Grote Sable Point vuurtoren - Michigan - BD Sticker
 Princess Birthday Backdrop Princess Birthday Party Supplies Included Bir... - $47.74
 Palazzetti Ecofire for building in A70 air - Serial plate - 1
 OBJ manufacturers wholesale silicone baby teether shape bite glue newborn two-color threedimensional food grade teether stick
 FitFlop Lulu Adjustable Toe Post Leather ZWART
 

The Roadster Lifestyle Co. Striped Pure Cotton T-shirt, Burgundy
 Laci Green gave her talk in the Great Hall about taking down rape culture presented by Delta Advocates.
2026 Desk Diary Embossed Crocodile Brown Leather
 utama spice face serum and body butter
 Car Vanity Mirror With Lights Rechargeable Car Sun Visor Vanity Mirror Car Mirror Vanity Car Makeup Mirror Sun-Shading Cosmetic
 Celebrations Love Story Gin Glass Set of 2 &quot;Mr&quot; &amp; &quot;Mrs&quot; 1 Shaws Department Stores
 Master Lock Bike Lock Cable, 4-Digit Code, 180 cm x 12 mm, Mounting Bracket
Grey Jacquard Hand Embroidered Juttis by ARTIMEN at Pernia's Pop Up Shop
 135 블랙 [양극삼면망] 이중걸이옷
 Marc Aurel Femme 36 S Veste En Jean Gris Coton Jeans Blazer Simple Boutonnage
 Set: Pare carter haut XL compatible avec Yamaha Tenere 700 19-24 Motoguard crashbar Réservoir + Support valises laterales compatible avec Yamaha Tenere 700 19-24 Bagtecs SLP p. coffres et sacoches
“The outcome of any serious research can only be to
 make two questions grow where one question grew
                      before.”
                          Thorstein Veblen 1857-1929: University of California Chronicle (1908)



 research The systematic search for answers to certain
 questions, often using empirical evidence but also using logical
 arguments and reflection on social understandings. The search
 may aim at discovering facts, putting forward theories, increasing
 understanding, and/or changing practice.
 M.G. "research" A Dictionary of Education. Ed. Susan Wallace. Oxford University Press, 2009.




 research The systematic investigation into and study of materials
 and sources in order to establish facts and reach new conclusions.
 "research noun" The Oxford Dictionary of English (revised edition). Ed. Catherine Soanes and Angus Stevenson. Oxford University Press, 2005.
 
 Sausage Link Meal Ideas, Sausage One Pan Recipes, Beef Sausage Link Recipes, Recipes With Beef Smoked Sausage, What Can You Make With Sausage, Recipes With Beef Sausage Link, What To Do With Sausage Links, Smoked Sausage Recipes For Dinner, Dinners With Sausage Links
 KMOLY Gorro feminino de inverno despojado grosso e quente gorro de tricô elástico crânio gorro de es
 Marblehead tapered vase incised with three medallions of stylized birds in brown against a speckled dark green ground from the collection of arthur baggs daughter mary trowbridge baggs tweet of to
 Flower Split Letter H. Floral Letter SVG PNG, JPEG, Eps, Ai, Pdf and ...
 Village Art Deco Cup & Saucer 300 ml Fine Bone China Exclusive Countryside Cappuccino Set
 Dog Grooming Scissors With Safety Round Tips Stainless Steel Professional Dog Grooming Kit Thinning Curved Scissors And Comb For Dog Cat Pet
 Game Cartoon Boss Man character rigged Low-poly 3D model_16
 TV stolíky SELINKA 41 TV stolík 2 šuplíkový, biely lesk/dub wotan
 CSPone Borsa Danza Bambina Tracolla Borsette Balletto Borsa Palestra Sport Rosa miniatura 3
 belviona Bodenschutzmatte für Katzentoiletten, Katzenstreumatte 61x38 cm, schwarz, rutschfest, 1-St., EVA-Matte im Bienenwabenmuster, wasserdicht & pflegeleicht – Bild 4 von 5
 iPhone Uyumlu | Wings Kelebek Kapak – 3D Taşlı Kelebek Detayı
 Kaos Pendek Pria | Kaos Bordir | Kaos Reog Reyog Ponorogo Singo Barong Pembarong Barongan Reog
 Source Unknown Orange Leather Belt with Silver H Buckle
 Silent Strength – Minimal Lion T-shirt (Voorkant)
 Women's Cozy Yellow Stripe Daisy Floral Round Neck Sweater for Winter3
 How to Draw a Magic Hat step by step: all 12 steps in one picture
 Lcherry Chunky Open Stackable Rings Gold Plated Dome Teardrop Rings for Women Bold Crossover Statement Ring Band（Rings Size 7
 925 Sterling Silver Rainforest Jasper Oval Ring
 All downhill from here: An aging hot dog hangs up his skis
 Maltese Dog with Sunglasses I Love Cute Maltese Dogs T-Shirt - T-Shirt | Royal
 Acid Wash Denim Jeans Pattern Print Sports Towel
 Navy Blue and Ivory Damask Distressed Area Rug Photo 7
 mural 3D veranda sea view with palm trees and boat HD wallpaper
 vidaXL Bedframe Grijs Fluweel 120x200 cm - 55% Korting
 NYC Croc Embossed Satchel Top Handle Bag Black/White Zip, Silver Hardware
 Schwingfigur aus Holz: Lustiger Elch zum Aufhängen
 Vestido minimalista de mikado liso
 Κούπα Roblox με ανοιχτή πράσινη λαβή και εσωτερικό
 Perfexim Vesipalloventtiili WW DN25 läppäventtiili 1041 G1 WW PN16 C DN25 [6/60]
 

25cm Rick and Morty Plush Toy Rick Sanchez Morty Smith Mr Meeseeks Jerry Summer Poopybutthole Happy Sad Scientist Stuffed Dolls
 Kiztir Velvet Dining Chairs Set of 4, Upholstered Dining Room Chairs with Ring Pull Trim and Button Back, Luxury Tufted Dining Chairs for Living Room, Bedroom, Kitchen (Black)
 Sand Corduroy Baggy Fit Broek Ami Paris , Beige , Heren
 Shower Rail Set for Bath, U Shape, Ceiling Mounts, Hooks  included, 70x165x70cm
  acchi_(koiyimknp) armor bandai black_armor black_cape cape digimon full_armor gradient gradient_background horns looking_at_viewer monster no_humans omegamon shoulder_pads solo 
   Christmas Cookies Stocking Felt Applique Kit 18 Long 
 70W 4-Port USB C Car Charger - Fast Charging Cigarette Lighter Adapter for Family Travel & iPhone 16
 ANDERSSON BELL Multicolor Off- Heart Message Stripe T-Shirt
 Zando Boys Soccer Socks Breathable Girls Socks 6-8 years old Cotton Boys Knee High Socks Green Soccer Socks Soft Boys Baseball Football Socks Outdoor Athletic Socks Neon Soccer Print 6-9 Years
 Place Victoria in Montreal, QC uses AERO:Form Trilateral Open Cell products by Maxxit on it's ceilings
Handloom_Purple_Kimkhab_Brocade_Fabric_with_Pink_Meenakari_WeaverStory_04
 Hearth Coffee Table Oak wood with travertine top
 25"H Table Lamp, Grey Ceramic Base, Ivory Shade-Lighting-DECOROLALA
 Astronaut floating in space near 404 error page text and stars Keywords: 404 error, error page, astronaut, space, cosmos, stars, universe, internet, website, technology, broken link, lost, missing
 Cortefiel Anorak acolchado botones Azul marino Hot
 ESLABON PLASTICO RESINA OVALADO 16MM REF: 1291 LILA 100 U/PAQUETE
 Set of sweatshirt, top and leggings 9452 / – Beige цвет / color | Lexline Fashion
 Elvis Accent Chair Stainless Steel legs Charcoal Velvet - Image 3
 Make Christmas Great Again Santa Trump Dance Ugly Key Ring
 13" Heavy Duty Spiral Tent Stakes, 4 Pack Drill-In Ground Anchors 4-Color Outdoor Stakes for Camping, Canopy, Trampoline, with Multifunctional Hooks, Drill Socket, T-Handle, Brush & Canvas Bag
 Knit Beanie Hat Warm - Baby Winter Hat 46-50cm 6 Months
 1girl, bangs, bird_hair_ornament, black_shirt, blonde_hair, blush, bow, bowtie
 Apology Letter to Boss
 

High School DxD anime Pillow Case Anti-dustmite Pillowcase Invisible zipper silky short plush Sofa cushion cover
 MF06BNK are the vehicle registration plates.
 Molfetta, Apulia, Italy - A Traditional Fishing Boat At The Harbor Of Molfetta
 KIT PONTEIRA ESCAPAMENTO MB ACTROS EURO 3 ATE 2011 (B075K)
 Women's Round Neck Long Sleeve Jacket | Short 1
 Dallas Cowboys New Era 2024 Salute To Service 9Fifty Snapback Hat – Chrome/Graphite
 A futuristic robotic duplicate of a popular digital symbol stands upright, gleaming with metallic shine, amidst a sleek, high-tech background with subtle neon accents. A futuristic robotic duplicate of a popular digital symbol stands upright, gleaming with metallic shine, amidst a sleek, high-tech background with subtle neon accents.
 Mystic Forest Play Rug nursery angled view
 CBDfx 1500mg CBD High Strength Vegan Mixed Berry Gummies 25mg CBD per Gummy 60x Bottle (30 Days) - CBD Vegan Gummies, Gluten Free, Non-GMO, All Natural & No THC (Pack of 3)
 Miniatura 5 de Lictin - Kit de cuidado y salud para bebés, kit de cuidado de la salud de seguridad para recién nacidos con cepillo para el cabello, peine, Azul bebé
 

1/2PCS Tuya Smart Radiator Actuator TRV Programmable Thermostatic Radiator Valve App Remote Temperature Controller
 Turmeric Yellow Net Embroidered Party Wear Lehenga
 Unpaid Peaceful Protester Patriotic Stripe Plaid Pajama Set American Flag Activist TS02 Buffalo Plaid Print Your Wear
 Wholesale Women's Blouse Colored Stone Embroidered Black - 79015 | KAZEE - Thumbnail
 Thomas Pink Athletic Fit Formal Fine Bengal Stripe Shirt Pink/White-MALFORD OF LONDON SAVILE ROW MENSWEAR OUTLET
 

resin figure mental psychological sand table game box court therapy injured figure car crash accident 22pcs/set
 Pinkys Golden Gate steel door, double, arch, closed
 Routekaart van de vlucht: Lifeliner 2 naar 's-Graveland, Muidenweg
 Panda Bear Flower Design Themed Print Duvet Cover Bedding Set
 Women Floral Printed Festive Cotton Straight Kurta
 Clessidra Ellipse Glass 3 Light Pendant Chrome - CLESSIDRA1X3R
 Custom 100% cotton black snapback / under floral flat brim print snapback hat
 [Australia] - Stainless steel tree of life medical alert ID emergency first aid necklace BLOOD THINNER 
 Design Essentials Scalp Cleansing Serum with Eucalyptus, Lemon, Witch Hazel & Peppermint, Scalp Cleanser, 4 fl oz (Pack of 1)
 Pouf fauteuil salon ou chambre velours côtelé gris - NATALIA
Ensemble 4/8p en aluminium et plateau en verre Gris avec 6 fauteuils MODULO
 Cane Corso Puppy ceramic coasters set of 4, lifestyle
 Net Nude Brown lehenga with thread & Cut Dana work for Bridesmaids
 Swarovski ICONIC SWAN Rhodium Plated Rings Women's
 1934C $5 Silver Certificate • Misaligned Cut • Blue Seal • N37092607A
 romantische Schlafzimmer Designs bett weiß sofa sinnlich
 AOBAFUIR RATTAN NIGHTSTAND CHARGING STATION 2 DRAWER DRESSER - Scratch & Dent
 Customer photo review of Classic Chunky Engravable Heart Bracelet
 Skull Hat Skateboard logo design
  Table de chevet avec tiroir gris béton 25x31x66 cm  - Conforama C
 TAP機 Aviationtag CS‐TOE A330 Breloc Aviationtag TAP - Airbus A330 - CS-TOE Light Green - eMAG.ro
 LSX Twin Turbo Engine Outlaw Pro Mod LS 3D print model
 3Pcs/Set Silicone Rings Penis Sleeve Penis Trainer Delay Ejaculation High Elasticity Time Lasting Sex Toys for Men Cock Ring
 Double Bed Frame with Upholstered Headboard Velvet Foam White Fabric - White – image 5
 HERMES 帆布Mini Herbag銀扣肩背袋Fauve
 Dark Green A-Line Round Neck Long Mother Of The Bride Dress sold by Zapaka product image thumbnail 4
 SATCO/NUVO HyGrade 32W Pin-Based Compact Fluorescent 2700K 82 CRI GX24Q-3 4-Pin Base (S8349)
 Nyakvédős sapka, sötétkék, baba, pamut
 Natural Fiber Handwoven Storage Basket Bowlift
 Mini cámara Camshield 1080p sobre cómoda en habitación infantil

▬▬▬▬▬▬▬▬▬▬

* **Problem to solve**: Among the entries above, the lines between the ones containing "Mystic Forest Play Rug nursery angled view" and "Miniatura 5 de", inclusive, are to be transcribed exactly. No other line is to be given.

* **The completed task**:
 Mystic Forest Play Rug nursery angled view
 CBDfx 1500mg CBD High Strength Vegan Mixed Berry Gummies 25mg CBD per Gummy 60x Bottle (30 Days) - CBD Vegan Gummies, Gluten Free, Non-GMO, All Natural & No THC (Pack of 3)
 Miniatura 5 de Lictin - Kit de cuidado y salud para bebés, kit de cuidado de la salud de seguridad para recién nacidos con cepillo para el cabello, peine, Azul bebé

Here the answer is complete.